A judge on Wednesday sentenced a Minnesota man to nearly a year in jail for encouraging two people he corresponded with over the Internet to kill themselves.
William Melchert-Dinkel, who was convicted of two counts of aiding suicide for encouraging an English man and Canadian woman he met online to kill themselves, was sentenced to 360 days in jail.
Judge Thomas Neuville's sentence was far less than the maximum 15 years Melchert-Dinkel could have gotten on each count, but more severe than a pre-sentence investigation that anticipated probation. Neuville compared Melchert-Dinkel's conduct to stalking, describing it as calculated, intentional, and fraudulent.

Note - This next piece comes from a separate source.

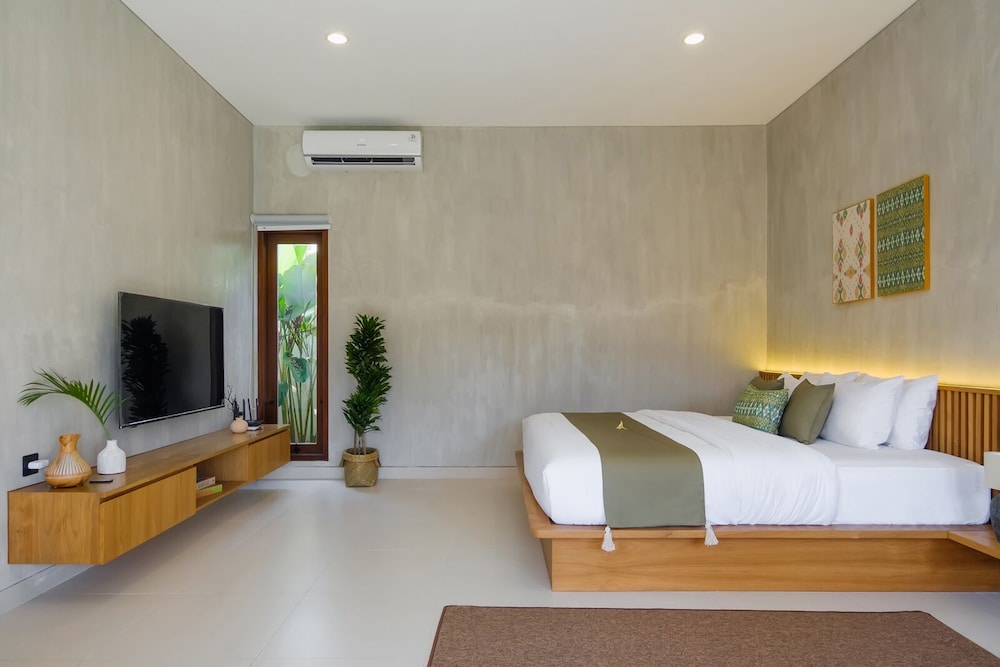 Madeira Casa Canggu Bali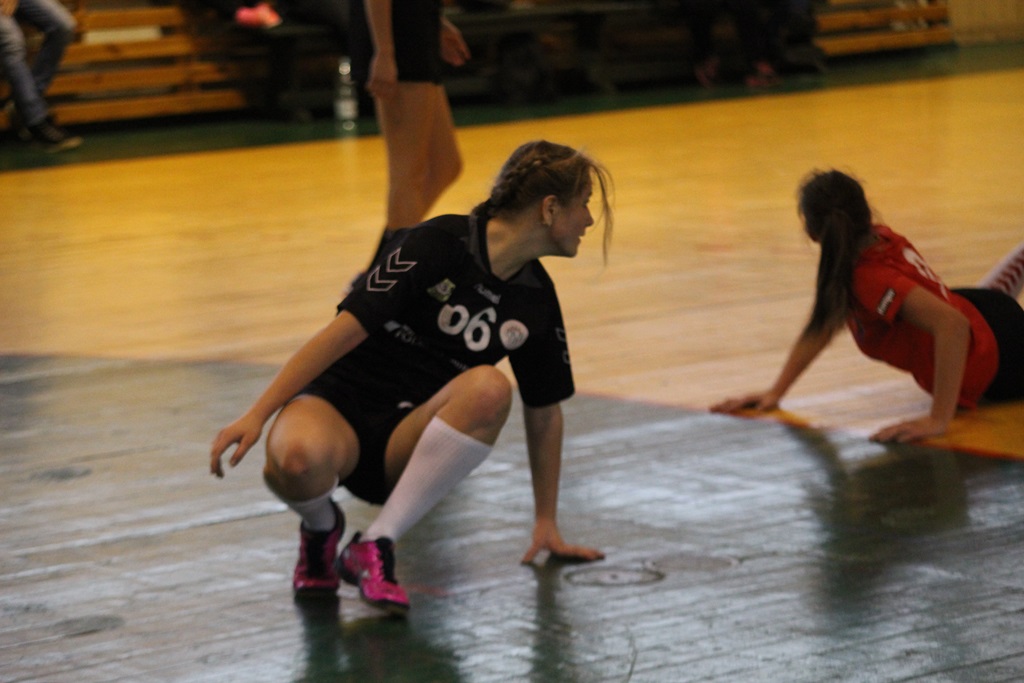Derby regionu dla piłkarek ręcznych legnickiej Dziewiątki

But he also said that while Melchert-Dinkel's conduct was directly related to the deaths, he wasn't the sole reason they died.
Melchert-Dinkel wiped tears from his eyes as the judge sentenced him. In a statement read by his attorney, he apologized and said he felt remorse.
Prosecutors say Melchert-Dinkel was obsessed with suicide and hanging and sought out potential victims online. They say he posed as a suicidal female nurse to win his victims' trust, then entered false suicide pacts and offered detailed instructions on how people could take their own lives.
Court documents say Melchert-Dinkel, a former nurse from the southern Minnesota town of Fairbault, told police he did it for the "thrill of the chase." He acknowledged participating in online chats about suicide with up to 20 people and entering into fake suicide pacts with about 10 people, five of whom he believed killed themselves.
Melchert-Dinkel declined a jury trial, leaving Neuville to decide whether he was guilty. He was convicted in the death of Mark Drybrough, 32, of Coventry, England, who hanged himself in 2005; and in the death of Nadia Kajouji, 18, of Brampton, Ontario, who jumped into a frozen river in 2008.